NPD劇場―光と影|第三幕
第一部 光を求めて
いつしか、父は観客席で私を見つめていた。
もう、光の中にさえいれば、演技は迷わない。
父は知っている──それが、りっぱな主役である証だと。
そして、その光こそが、私に安らぎを与える唯一のものであると。
光がある限り、砂が私を砂漠へ連れ去ることはない。
……そう信じていた。
第二部 追いかける砂
砂は、舞台袖で待っている。
さらさらと、絶え間なく私の足元に絡みつく。
私は休めない。

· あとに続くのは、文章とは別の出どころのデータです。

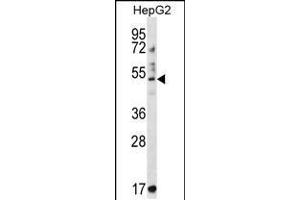 Western blot analysis in HepG2 cell line lysates (35ug/lane). (TRIM11 抗体  (C-Term))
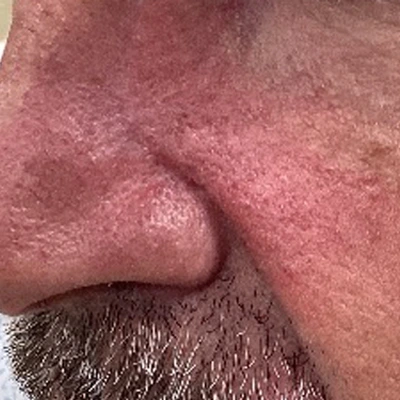 Photo of perinasal capillaries immediately after KTP laser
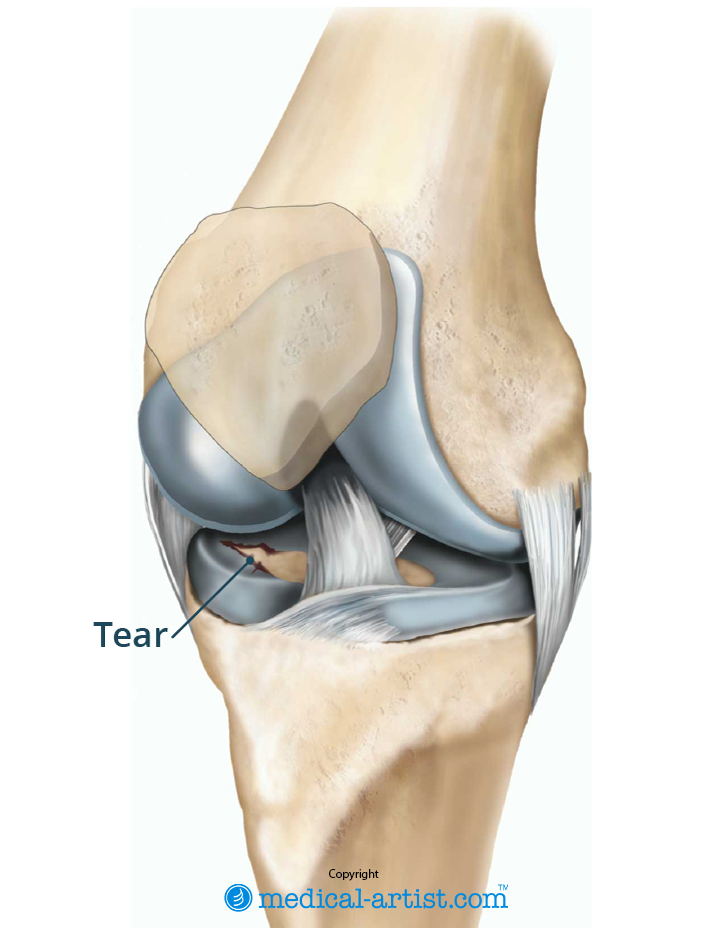 Illustration of a right knee with a tear in the lateral.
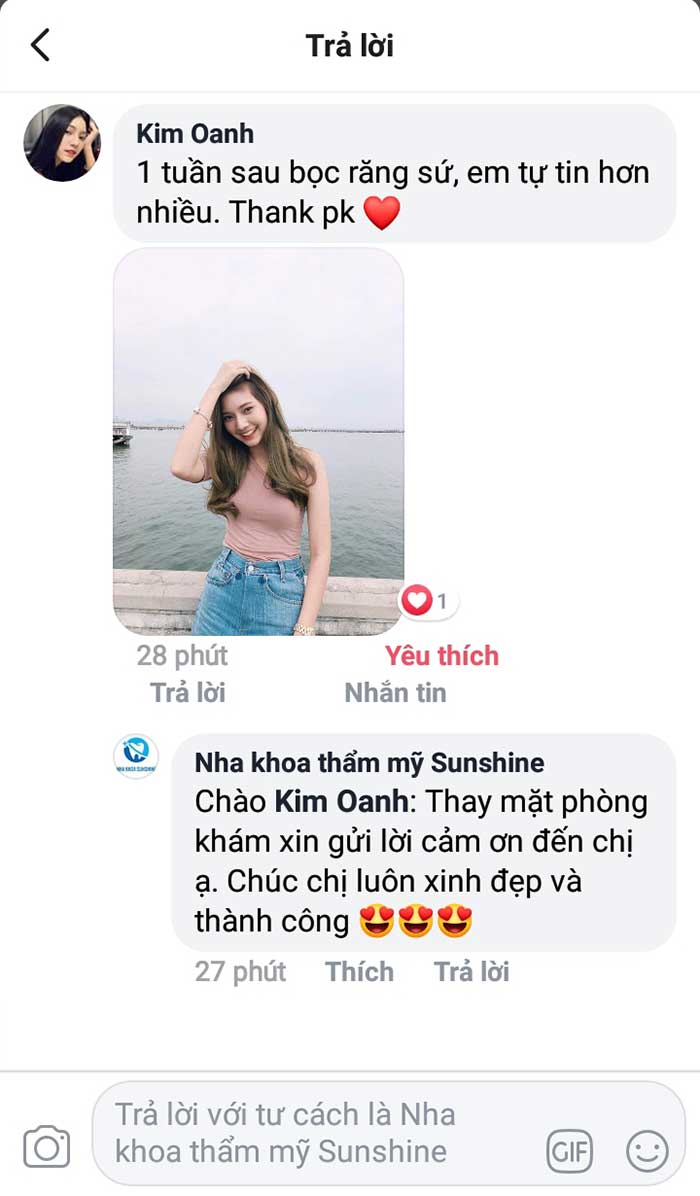 review bọc răng sứ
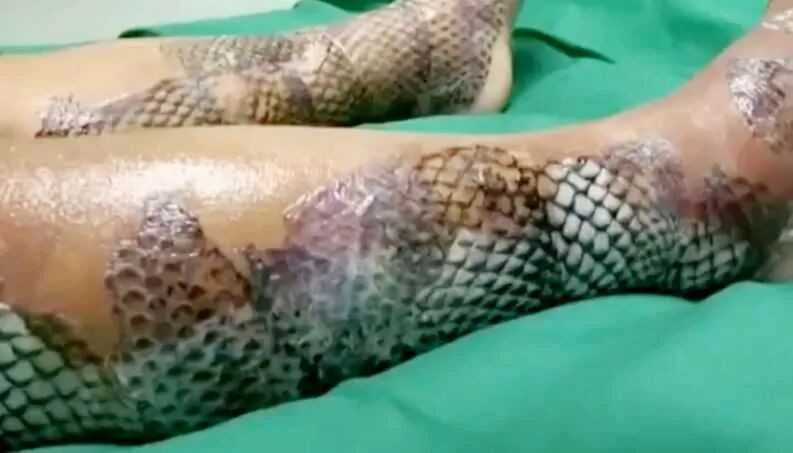Imagem ilustrativa da imagem Pele de tilápia é usada para tratar vítimas de queimaduras em hospital do Rio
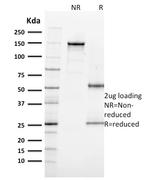 Ki-67 Antibody in SDS-PAGE (SDS-PAGE)
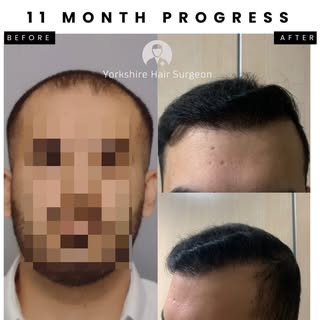 11 month post Hair Transplant results. 
Natural and dense coverage and only 11 months into their jou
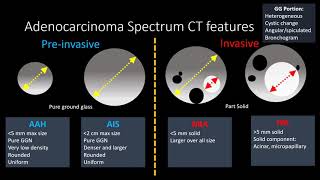 Adenocarcinoma Spectrum [upl. by Sundberg]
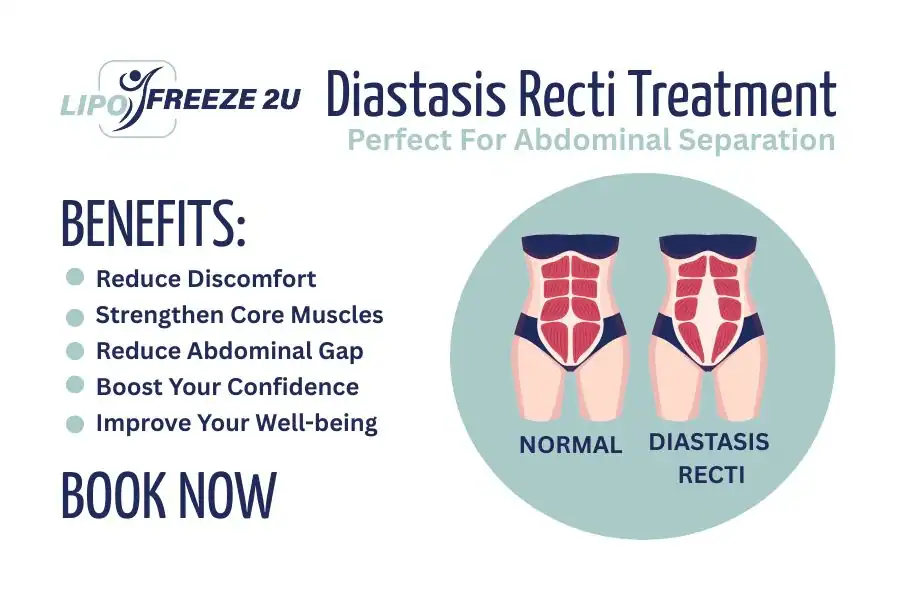 Benefits of body toning treatment Ascot for Diastasis recti
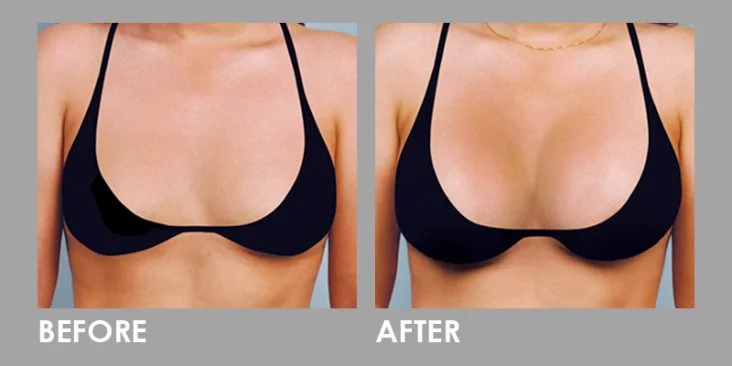 benefits-of-using-breast-fillers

砂が私を砂漠へ連れていかないために。
光が途絶えぬよう、父の視線が舞台へ向かう。
舞台は眠らない。眠ってはいけない。
安心は、演じ続けることでしか訪れない。
けれど、その舞台の下では熱い砂が、まだ動いている。
……そう信じていた。
第三部 砂の記憶
砂は知っている。
私が無力だったことを。
それは、すでに忘れた記憶のはずだった。
けれど、その影を感じる瞬間がある。
そして、私は砂漠に立っていることに、ふと恐怖する。
しかし、光が私を救ってくれる。
光が砂を遠ざけ、舞台を照らす。
そう、私はそこに立ち続けなければいけない。
……そう信じていた。
解説
父の期待に応えることで、安心を得ようとする娘。「自分にはできる」という確信と、「そうしないと自分の価値はない」という焦りがせめぎ合う。過剰な承認欲求、自尊心、そして焦燥感が生み出す複雑な心理が、彼女を舞台へ突き動かす。主役を演じないと、自分には何もない──その劣等感を、どこかで感じているからこそ、その信念は強く固まっていく。
あとがき
承認欲求を満たすことで得られる自尊心を「光」、満たすことを止められない焦燥感を「砂」、そして、止めると現れる劣等感を「影」として象徴的に描いています。ここでの物語は、宗教における信仰の構造と驚くほどよく似ています。一度「救い(光)」を見いだした者は、そのためにすべての行動を捧げます。そこでは、他者の感情はもちろん、自分の感情すら関係を失います。教義は常識化し、外部の説得や内面の疑問でも揺らがず、事実上「リセット不能」となります。NPDと話が通じないと感じるのは、まさにそこに、信仰にも似た強さがあるからです。